Basketball

Traoré bewahrt Alba nur knapp vor der nächsten Pleite

Alba hat gegen den Bundesliga-Elften Weißenfels einen Pflichtsieg erzielt - mit 82:81 einen sehr knappen, sechs Sekunden vor Schluss. Damit behalten sie die Chance, als Vierter ins Play-off zu gehen.

Alba Berlin hat gegen den Bundesliga-Elften Weißenfels einen Pflichtsieg erzielt - mit 82:81 einen sehr knappen, sechs Sekunden vor Schluss. Betrachtungen zur Partie im Fantalk der Morgenpost.

Video: BMO
Beschreibung anzeigen

Ali Traoré strahlte übers ganze Gesicht. „Heute hat es noch einmal geklappt, aber so geht’s nicht in jedem Spiel“, meinte der Center von Alba Berlin. Sechs Sekunden vor Schluss hatte der französische Basketballprofi den Siegkorb zum 82:81 (35:37) gegen den Mitteldeutschen Basketballclub erzielt.

Es war die erste Führung der Gastgeber seit der 25. Minute. Die Berliner, bei denen DaShaun Wood mit 22 Punkten vor Traoré (16) bester Werfer war, erhielten sich die Chance, als Vierter ins Play-off zu gehen. Zufrieden konnten sie jedoch nicht sein. „Wir haben zu viele taktische Fehler gemacht und nicht immer intensiv genug gespielt“, kritisierte Alba-Trainer Sasa Obradovic.

Es zeigte sich aber auch, dass Alba gut beraten ist, acht ausländische Spieler unter Vertrag zu haben, auch wenn im Gegensatz zur Europaliga in der Bundesliga lediglich sechs eingesetzt werden dürfen.
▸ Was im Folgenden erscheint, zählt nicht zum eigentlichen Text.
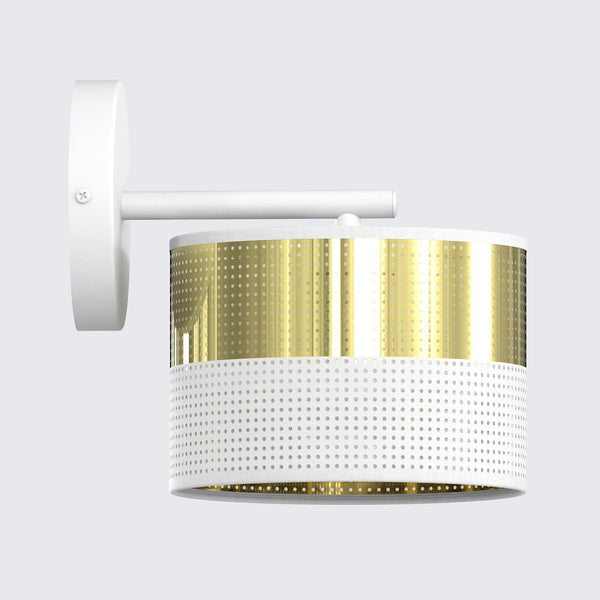 Applique murale | Lux Blanche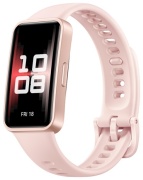 Фитнес-браслет Huawei Band 9 розовый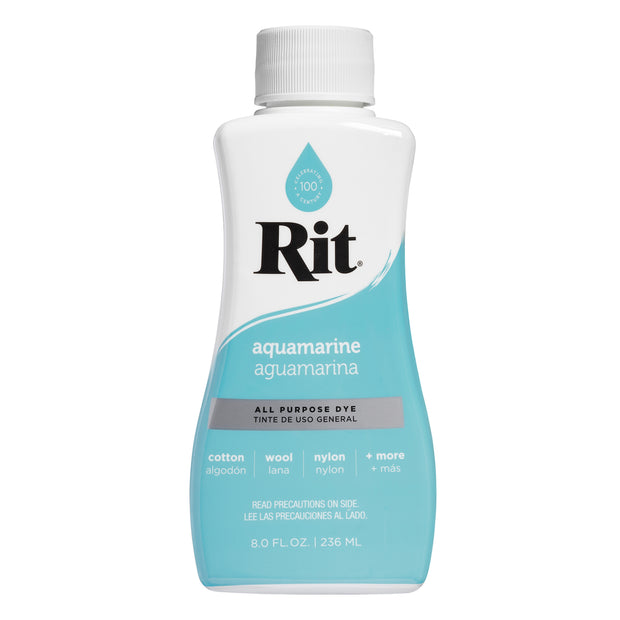 Rit All Purpose Liquid Dyes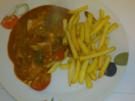 boto's Schaschlikpfanne - Rezept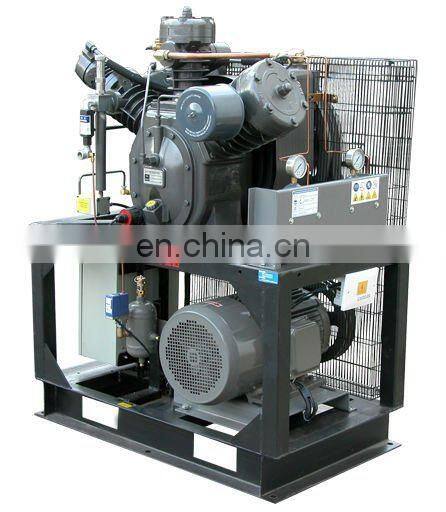 Rix High Pressure Air Compressor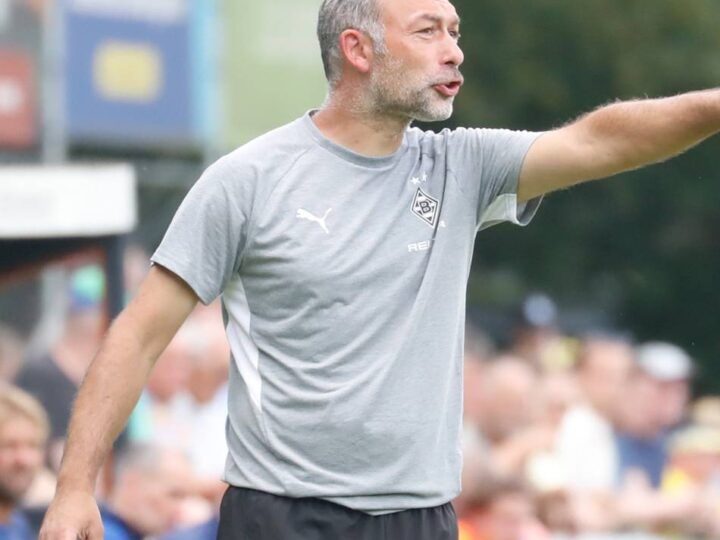 3:1-Sieg in Paderborn: Ein perfekter Start für die U23 und ihren Trainer Enache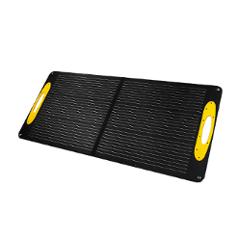 Solcellepanel AQIILA Sunbird P100 100W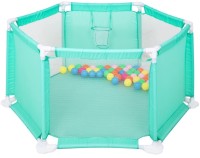 Фото - Манеж Ramiz ZOG.J1011A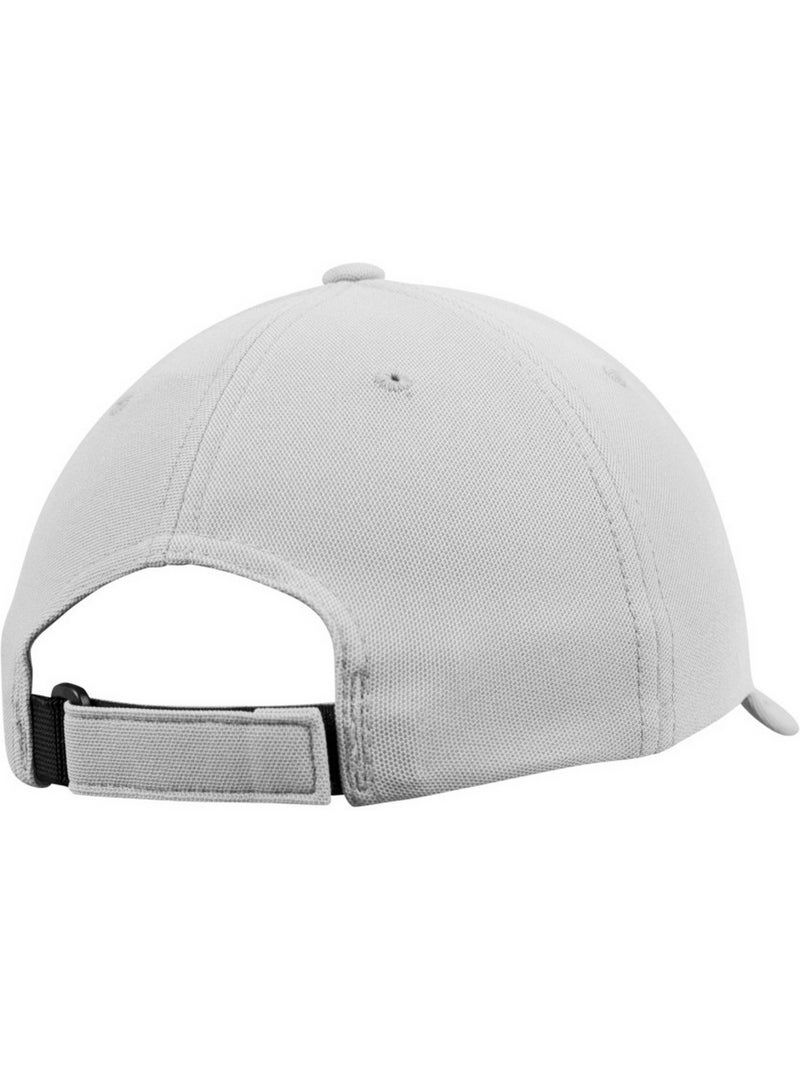 Casquette de baseball cool & dry - flexfit Argenté - Kiabi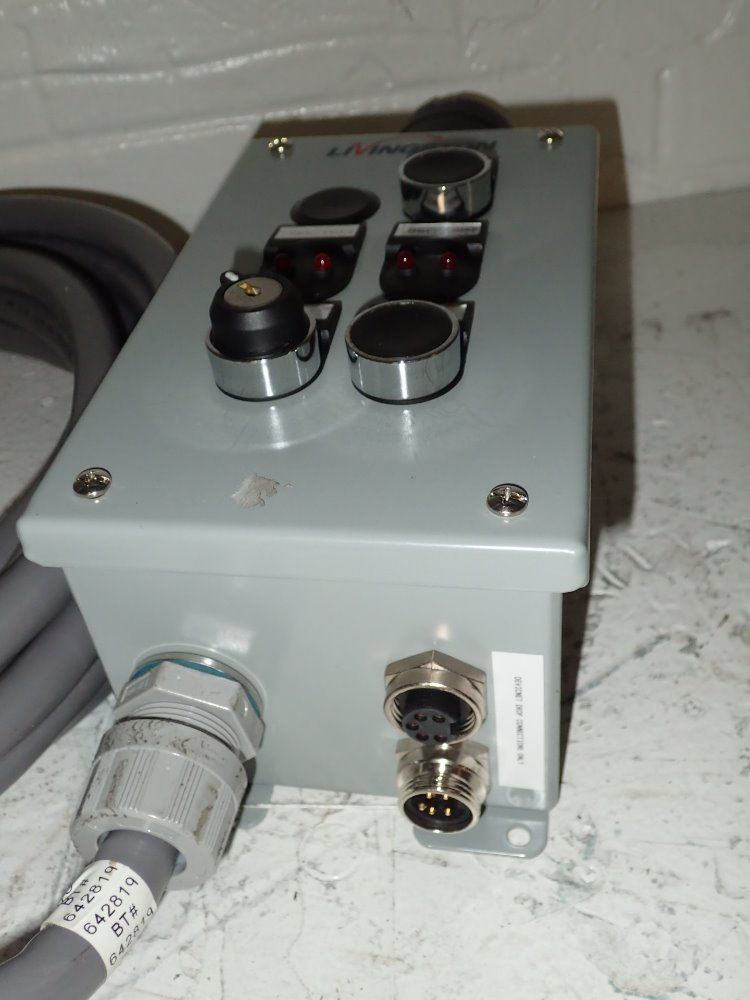 Livingston Control Box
Da Zach Morley (Sehnenentzündung am Fuß) und Nihad Djedovic (Zahn-OP) ausfielen, gehörten Derrick Byars und Albert Miralles zum Kader. Neben diesen beiden stand überraschend auch Sebastian Fülle in der Startaufstellung.

Schaffartzik mit starkem Auftritt

Die Augen von vielen der 10.666 Zuschauer waren auf Heiko Schaffartzik gerichtet. Nicht unbedingt, weil der 29-Jährige gestern sein 150. Spiel im Trikot der Berliner bestritt. Am Donnerstag hatte er sich mit einigen markigen Aussagen mit der Klubführung angelegt, speziell Geschäftsführer Marco Baldi und Sportdirektor Mithat Demirel. Auf das Parkett kam der Spielmacher nach vier Minuten. Und er gehörte zu den Besseren im Team, das sich sehr schwertat. Oft musste es einem Rückstand hinterherlaufen. Der sehr mutig spielende MBC versenkte bis zur Pause sechs Dreier (insgesamt zwölf), wobei auch die Berliner bis zu diesem Zeitpunkt fünfmal (dreimal davon Schaffartzik) aus der Distanz erfolgreich waren, insgesamt zehnmal. In der Abwehr war Alba nicht konsequent genug, im Angriff wurden viele Wurfchancen vergeben. Ein Dreier von Schaffartzik, der insgesamt auf 13 Zähler kam, besorgte den Halbzeitstand von 35:37.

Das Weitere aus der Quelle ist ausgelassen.